I know, the term very Jewish is an oxymoron. Something either is or is not Jewish, and we all know the definitions, right? Not so fast. To be sure, many communities look to a fixed understanding of Jewishness, even if their understandings of that fixed definition differ. But given that many people ascribe Jewishness to so many practices, foods, and works of art, not to mention spiritual systems, modes of affiliation, and politics ranging from Michael Learner’s to Norman Podhoretz’, perhaps something can be experienced as very Jewish.
The July Newsmax’s article about CNN’s John King, is one of those things, and not because it describes the former Catholic’s conversion to Judaism or how he and his wife, CNN’s Dana Bash, keep a kosher home. What so Jewish is King’s approach to covering the news.


King describes being animated by three things in his thinking about how a story should be told or a guest interviewed. First, he describes his love of listening and the fact that he wants even those with whom he disagrees to make the best possible case for their side. If that isn’t a contemporary version of the Pirke Avot’s teaching which defines a wise person as one who learns from all people, I don’t know what is.

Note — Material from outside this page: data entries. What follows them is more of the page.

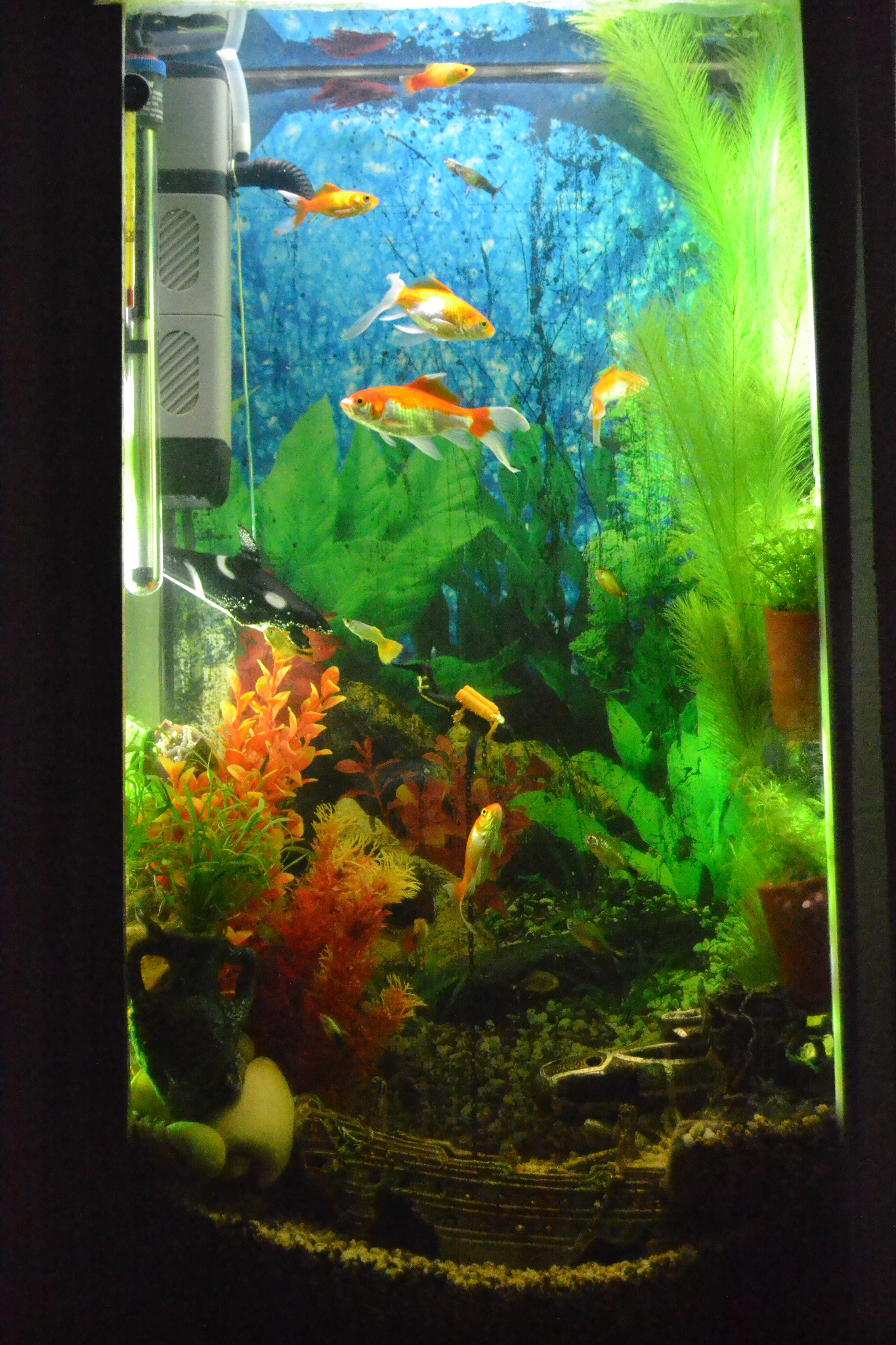 Acuario empotrado en pared 50x100x20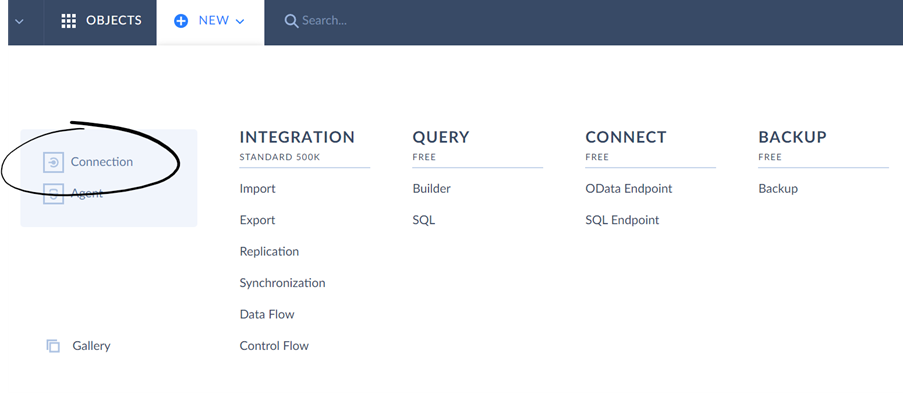 Establish connections via Skyvia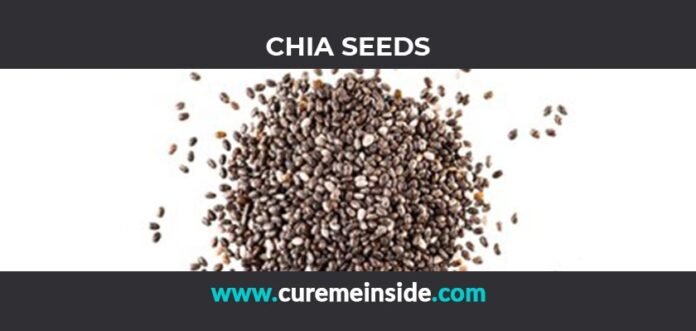 Chia Seeds: Health Benefits, Side Effects, Uses, Dosage, Interactions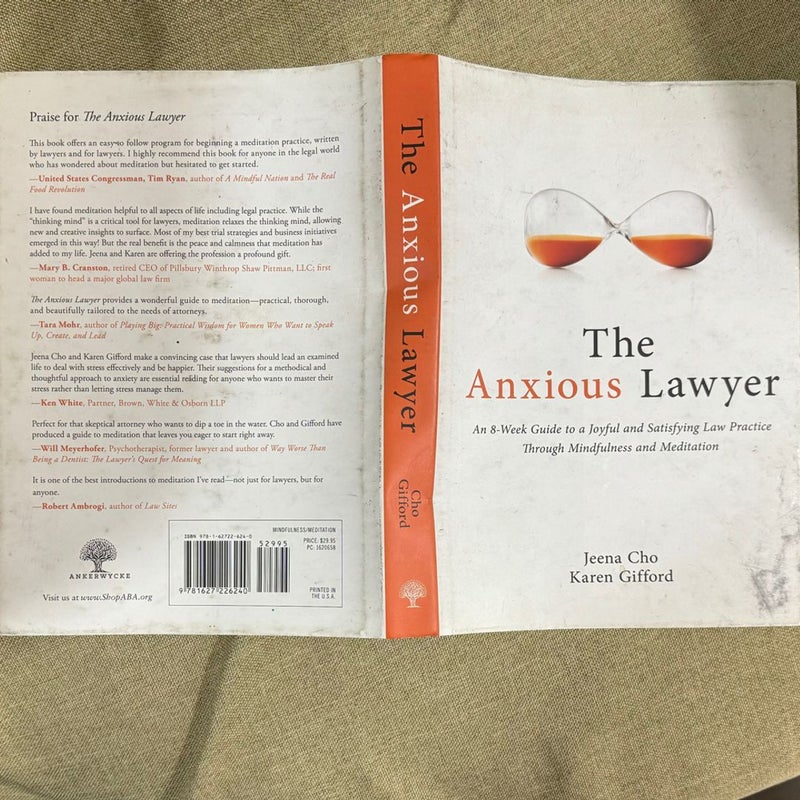 The Anxious Lawyer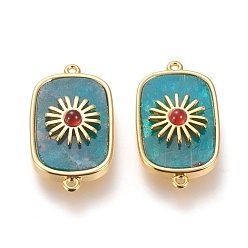 Апатит Соединители звеньев натурального апатита и сердолика, с долговечной позолоченной латунной фурнитурой из настоящего 18 k золота, прямоугольные, 28x16x6.2 мм, отверстие : 1.2 мм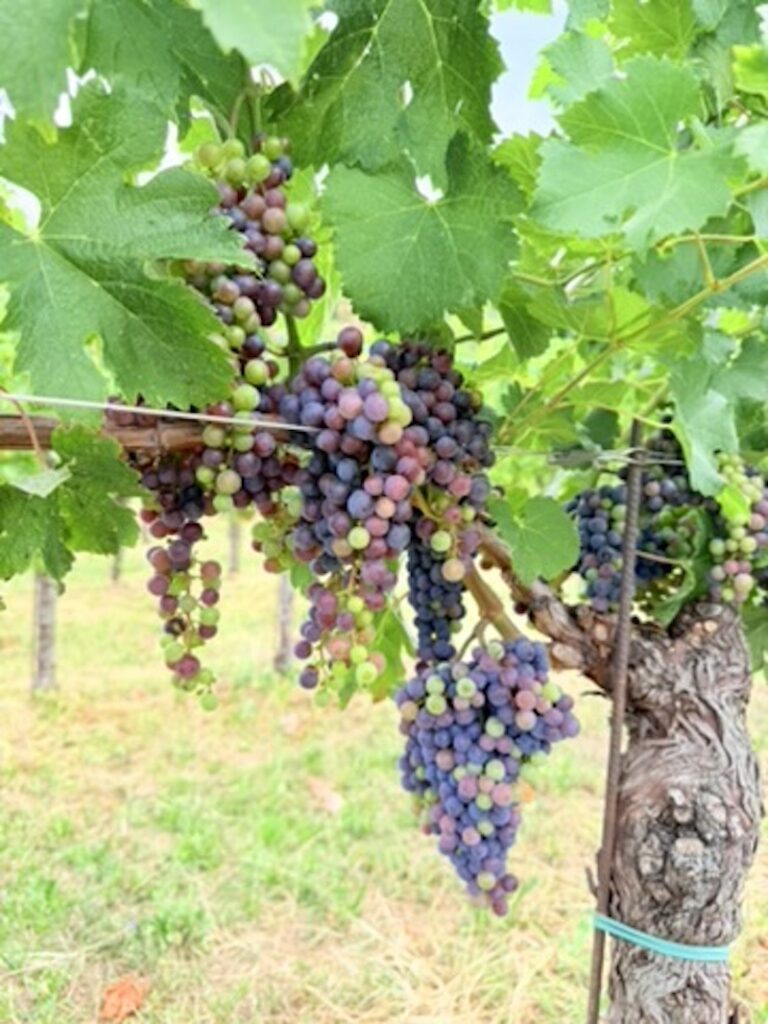 Ripening purple wine grapes on the vine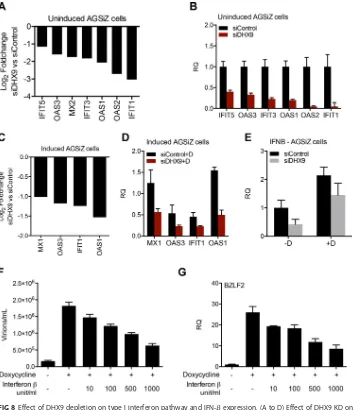 FIG 8 Effect of DHX9 depletion on type I interferon pathway and IFN-� expression. (A to D) Effect of DHX9 KD on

The article quotes King as saying that he wants “everybody who has a legitimate stake in an issue (to) have their say.” It’s as if he is incorporating one of the chief operating principles of the Talmud onto a nightly news show! The vast majority of the Talmud is unresolved controversy, which can be messy, but it sure goes to great lengths to give voice to many stakeholders. And while that may make the show itself messy, it’s a great deal more like the Talmud than the usual fare on other cable news shows.
Finally, King describes what a gift it is to learn. That love of learning – the pursuit of wisdom about the most important issues of the day, has been perhaps the animating principle of great Jewish thinkers from the ancient sages to Maimonides to the great scholars of more recent times. All, like John King, reveled in the gift of learning.
Now I don’t pretend that these values are not found in other traditions – in fact they are. But to miss the celebration of these values in an article which plays up King’s Jewishness, would be to miss the forest for the trees and the depth of John King’s Jewishness for a particular practice, kahsrut, however precious it may be.